O-Ton

Kulturmagazin mit Charakter

Foto © Rob Lewis

Aktuelle Aufführungen

Wenig Glanz, reiner Klang

DAS RHEINGOLD
(Richard Wagner)

Besuch am
12. Dezember 2021
(Premiere)

 

Bühnen Bern

Die Bühnen Bern wollen sich wieder ins Zentrum des nationalen Opernwirkens bringen und wagen dafür mit Wagners 16-Stunden-Epos Der Ring des Nibelungen den großen Sprung ins kalte, rheinische Nass.

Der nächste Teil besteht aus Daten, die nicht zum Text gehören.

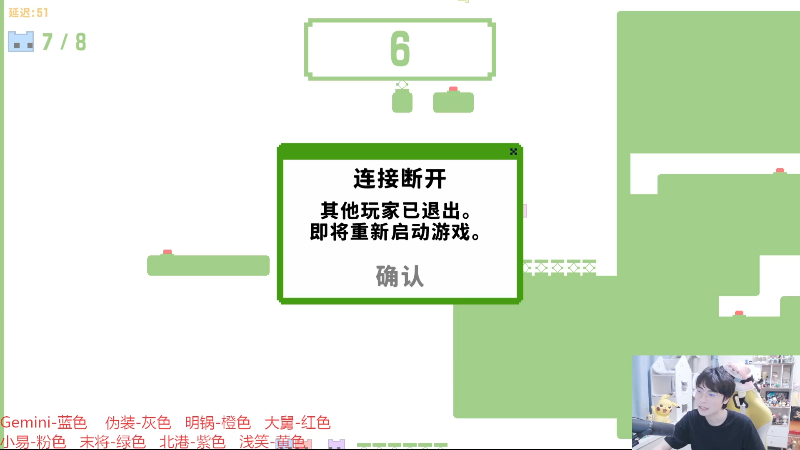 这是我剪辑的MrGemini的直播精彩时刻，快来看看吧~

Letzten Sonntag war Auftakt mit dem kürzesten Opus Das Rheingold, das mit lediglich zweieinhalb Stunden Spieldauer zu Buche schlägt. Die Erwartungen waren hoch, sie werden allerdings nur teilweise eingelöst. Das Regie-Rezept startet vielversprechend und mit wachen Ideen, löst jedoch die einzelnen Zutaten in keinem schlüssigen Gesamtbild auf.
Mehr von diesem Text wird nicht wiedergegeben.